But, as he puts it, “we are in a transitional period.” First-generation Muslim immigrants had lived in ghettos, now their children, though accused of isolating themselves, are more visible and spread out. Western Muslims, he maintains, rather than seeing the West as a space hostile to their religion, should see it as a space conducive to religious practise. In To Be a European Muslim he defines “the fundamental question for Muslim communities living as minorities in Europe” as “how to maintain a spiritual life in a modern — understood as both secular and industrialised society and, consequently, how to transmit the necessary knowledge which permits genuine freedom of choice”. As well as taking account of the problems arising from this, he suggests, Muslims should assess the rights they do enjoy in the West, many of which might not be available to them in Muslim-majority countries: not only the right to practise Islam but to knowledge, autonomous representation and appeal to the law. It is true that, following events in Iraq and Afghanistan, Western Muslims might find it hard to reconcile conflicting loyalties but when citizens feel their government has done wrong, they must fulfil their civic responsibility by voting against it.


 


“There should be loyalty at different levels to different entities,” he says. “The principle is simple. There should be two kinds of belonging: a legal and a spiritual one.

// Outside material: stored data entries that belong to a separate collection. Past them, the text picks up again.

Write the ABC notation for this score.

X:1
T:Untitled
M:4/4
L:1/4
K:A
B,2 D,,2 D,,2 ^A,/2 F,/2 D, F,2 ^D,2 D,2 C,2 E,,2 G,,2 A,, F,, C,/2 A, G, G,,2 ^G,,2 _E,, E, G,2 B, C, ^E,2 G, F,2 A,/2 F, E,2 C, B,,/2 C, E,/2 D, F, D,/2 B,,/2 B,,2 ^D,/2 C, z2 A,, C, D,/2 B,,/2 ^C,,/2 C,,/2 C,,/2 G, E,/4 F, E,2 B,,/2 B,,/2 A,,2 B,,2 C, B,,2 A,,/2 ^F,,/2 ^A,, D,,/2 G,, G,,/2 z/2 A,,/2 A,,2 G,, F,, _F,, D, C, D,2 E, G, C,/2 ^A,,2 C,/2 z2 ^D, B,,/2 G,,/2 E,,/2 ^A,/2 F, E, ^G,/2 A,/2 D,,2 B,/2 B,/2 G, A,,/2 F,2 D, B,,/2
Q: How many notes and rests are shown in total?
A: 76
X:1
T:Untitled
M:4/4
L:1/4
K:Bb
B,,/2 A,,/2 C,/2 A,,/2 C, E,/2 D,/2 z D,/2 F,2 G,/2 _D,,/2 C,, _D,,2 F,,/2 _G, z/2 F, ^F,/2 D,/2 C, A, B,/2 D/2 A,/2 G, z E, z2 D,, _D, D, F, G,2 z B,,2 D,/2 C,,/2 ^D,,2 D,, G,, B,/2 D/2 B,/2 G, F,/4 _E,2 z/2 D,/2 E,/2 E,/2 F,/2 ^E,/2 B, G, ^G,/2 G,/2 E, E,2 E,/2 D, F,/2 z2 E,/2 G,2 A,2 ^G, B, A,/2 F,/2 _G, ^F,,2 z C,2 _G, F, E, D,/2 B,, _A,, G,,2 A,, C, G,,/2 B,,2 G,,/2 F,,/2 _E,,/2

Nor does the spiritual belonging have to be exclusive to the Muslim community: I am with my Muslim community when it does right and loyal to my social community when it does right.” Doesn’t that kind of thinking require highly developed ethics, though? When it is understood, Ramadan argues, it is very easily applied. What, then, about those Muslim militants who, rather than the ballot box, head out to the streets, weapons in hand? “If we look at the case of the 7/7 London bombers, we see that they were educated, intelligent and socially integrated; what they were not, was psychologically integrated. The evidence from this as from other situations suggests confirms that there is no link between radical Islam and social maginalisation. The Muslim community has to be and is addressing the reasons why some of its youth turn to radical Islam but we must remember that it is a very small minority who do so.” What about Muslim organisations that, denying the existence of a problem, insist that Muslims are the victims of a propaganda war? Ramadan nods: “To deny the problem and to be obsessed by it is the same thing. We have to see what we can do to prevent such things from happening, to provide an atmosphere that leads to the highest level of integration — which is psychological integration.”


 


Many first-generation Muslims who arrived in the West at the close of Empire were too burdened financially to successfully integrate, Ramadan argues in Western Muslims and the Future of Islam, and the situation is now radically different. New immigrants had known religion mainly as a cultural practice and transmitted it to their children without a firm knowledge of its edicts, managing nonetheless to instill in them “an intuitive understanding of and respect of faith”. With younger Muslims turning to the sources, Quran and Sunna, new sides of Islam are emphasised, perhaps endangering the cultural relativism of Islam in its Arab, African and Asian forms? “I don’t have a problem with cultural dress,” Ramadan responds, “unless cultural practice stops you from being open to how Islam is practised in different countries, producing the idea that only Islam as it is practised in, say, Bangladesh or Saudi Arabia, is correct. There is of course a serious issue at stake here: when cultural dress is mistakenly understood as a principle of Islam, as, for instance, in the case of female genital mutilation.”


 


At several different levels, Ramadan is seen as a Muslim leader, so what does he have to say about the notion of a universal leader or khalifa in Islam? “It is unrealistic,” he says. “I believe that when we talk of Muslim leadership we have to think of a bottom-top approach, first looking at the local level and then at the national level. European and international platforms for Islamic scholarship for Islamic scholarship already exist; it is the grassroots dimension that needs to be strengthened.”


 


The starting point for Western Muslims should be a shift in perspective: from seeing the West as Dar Al-Kufr (the abode of non- believers) to seeing the West as Dar Al-Shahada (the abode of those witnesses who bear testimony) — a concept adequately explained in To Be European Muslim : “Muslims now attain in the space of testimony, the meaning of an essential duty and of an exacting responsibility: to contribute, wherever they are, to promoting good and equity within and through human brotherhood. The Muslims’ perspective outlook must now change from the reality of ‘protection’ to that of ‘contribution’.”


 


Perhaps Ramadan’s idea is revolutionary after all, for though it calls for neither a redress of power nor a redistribution of wealth, it does call for a re-visioning of reality as it exists, pointing to how it could exist in the future. In this new phase of Islam it will not be “just Western Muslims who will have a role to play; it will be a two-way process between Muslims in minority Muslim countries and those in majority Muslim countries.” He is equally clear about his own place in this future arrangement. In the November/December 2004 issue of Foreign Policy he said, “I am just a symbol of what’s coming, which is a new generation of Muslim leaders, mean and women, able to speak English as you are speaking English, French as they do in France. They are European, they are American, and they are going to speak for themselves.”